━━━━━ SOURCE DATA

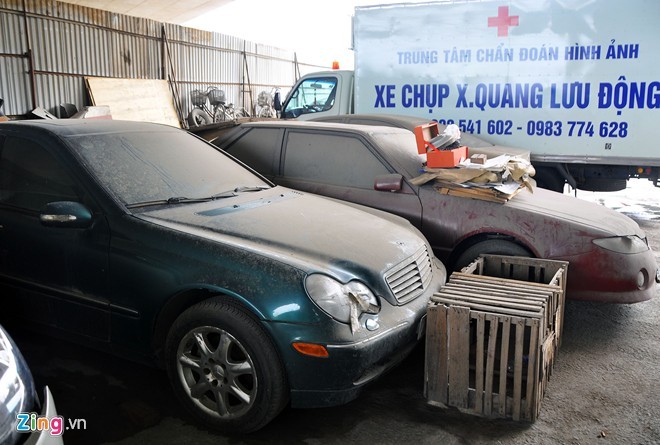 Hàng loạt xế sang đóng bụi trong bãi giữ xe vi phạm - ảnh 5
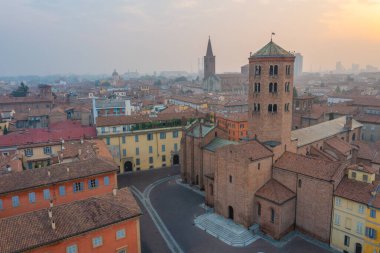 İtalyan kenti Piacenza 'da Aziz Antoninus Bazilikası üzerinde hava manzarası.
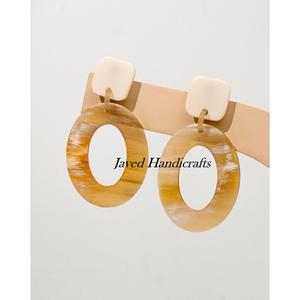 ชุดต่างหูรูปวัวฮอร์นสำหรับผู้หญิงชุดรูปแบบสัตว์พร้อมไม้ถูพื้นเทคนิคขัดเงางานฝีมือจากธรรมชาติ - Product Image 3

━━━━━━━━━━

=== PROBLEM DETAILS ===
Give back the material above exactly, without pictures.

=== WRITTEN RESPONSE ===
 Hàng loạt xế sang đóng bụi trong bãi giữ xe vi phạm - ảnh 5
 İtalyan kenti Piacenza 'da Aziz Antoninus Bazilikası üzerinde hava manzarası.
 ชุดต่างหูรูปวัวฮอร์นสำหรับผู้หญิงชุดรูปแบบสัตว์พร้อมไม้ถูพื้นเทคนิคขัดเงางานฝีมือจากธรรมชาติ - Product Image 3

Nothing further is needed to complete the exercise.